[[ Data open ]]

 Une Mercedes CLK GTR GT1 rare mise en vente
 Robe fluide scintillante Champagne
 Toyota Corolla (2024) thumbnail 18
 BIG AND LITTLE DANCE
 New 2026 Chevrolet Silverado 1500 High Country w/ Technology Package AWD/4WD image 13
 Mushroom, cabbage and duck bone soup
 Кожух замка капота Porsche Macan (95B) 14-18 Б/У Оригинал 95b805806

[[ Data closed ]]
[[ Data open ]]

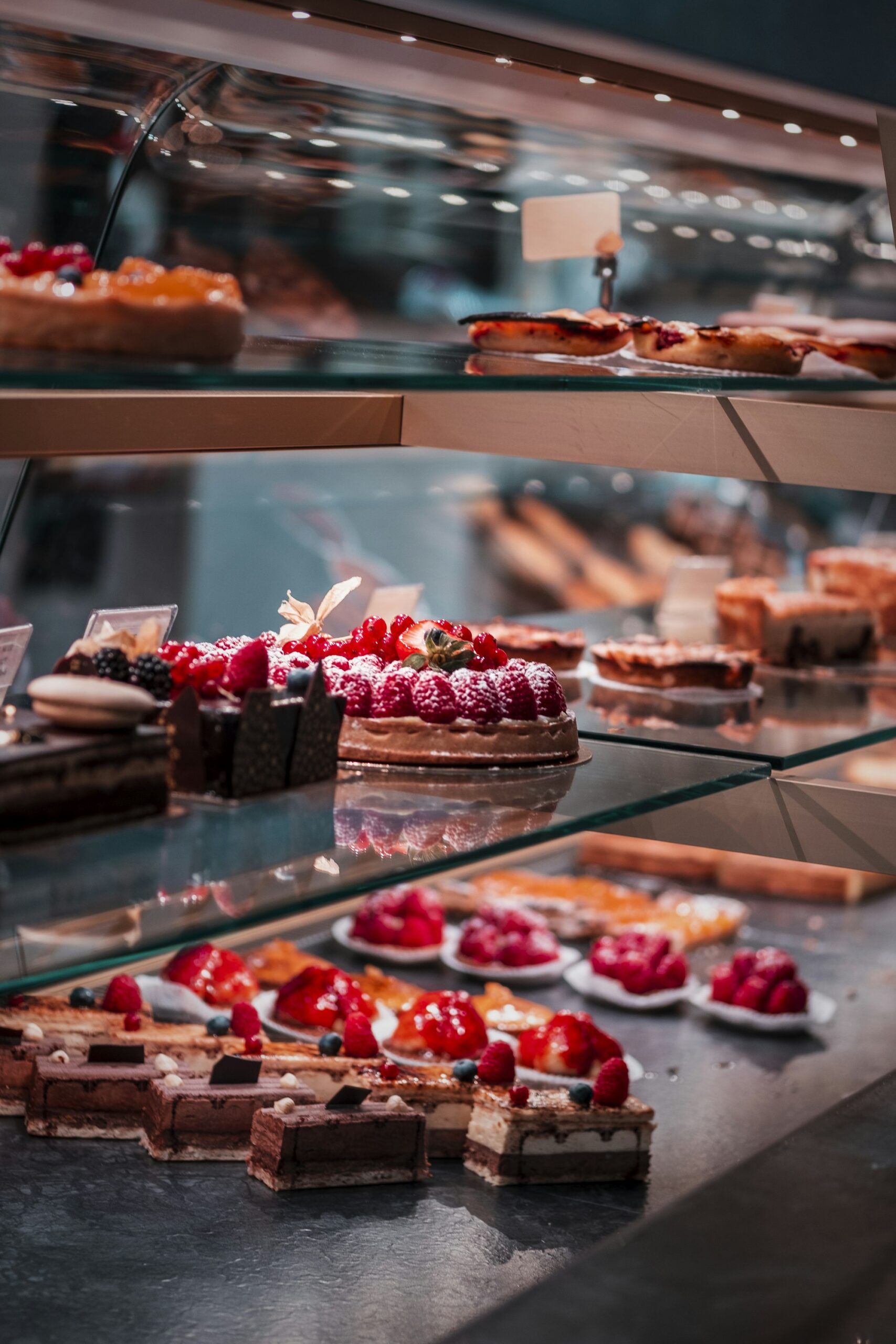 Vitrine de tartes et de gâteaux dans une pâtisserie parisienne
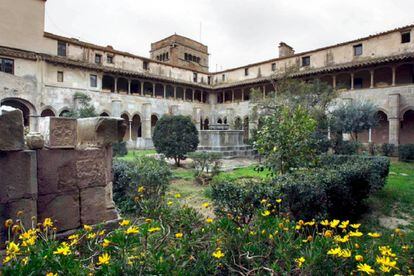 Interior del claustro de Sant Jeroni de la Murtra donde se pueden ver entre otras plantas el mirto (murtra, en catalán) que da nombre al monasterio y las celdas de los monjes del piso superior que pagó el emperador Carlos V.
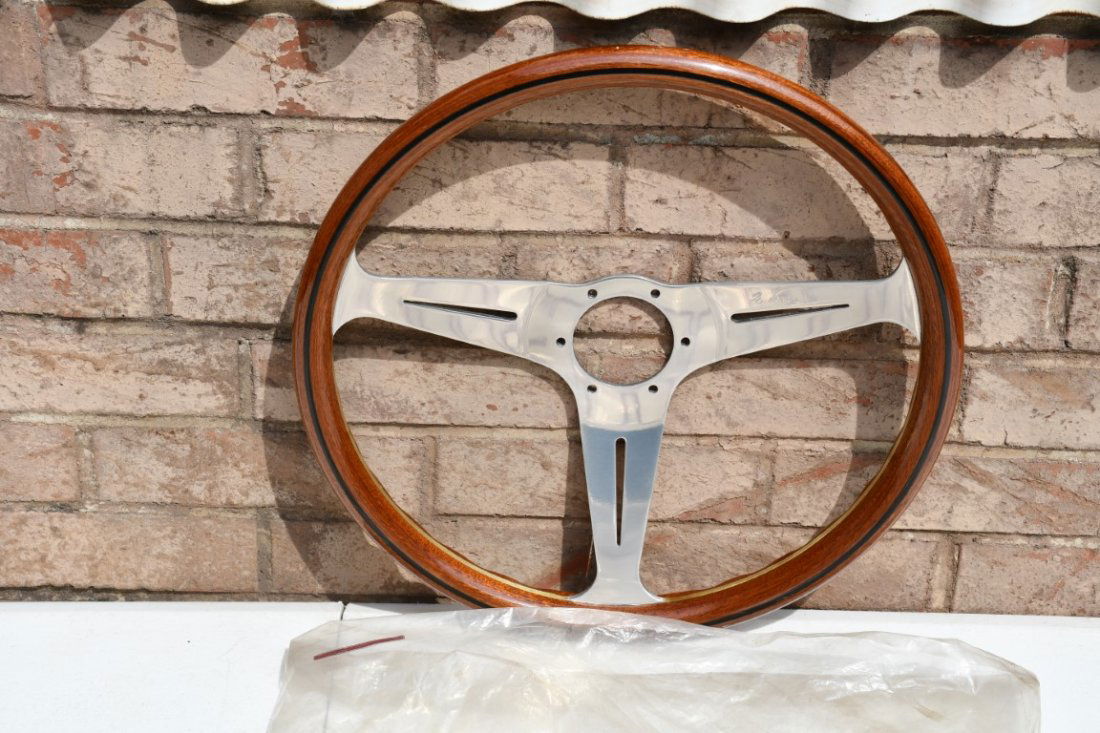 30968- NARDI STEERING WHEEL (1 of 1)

[[ Data closed ]]

_Exercise requirements_
Could you repeat exactly the lines in the listing above from the one with "Une Mercedes CLK GTR GT1 rare mise en vente" down to the one with "Кожух замка капота"? Include both of those lines.

_Exercise answer_
 Une Mercedes CLK GTR GT1 rare mise en vente
 Robe fluide scintillante Champagne
 Toyota Corolla (2024) thumbnail 18
 BIG AND LITTLE DANCE
 New 2026 Chevrolet Silverado 1500 High Country w/ Technology Package AWD/4WD image 13
 Mushroom, cabbage and duck bone soup
 Кожух замка капота Porsche Macan (95B) 14-18 Б/У Оригинал 95b805806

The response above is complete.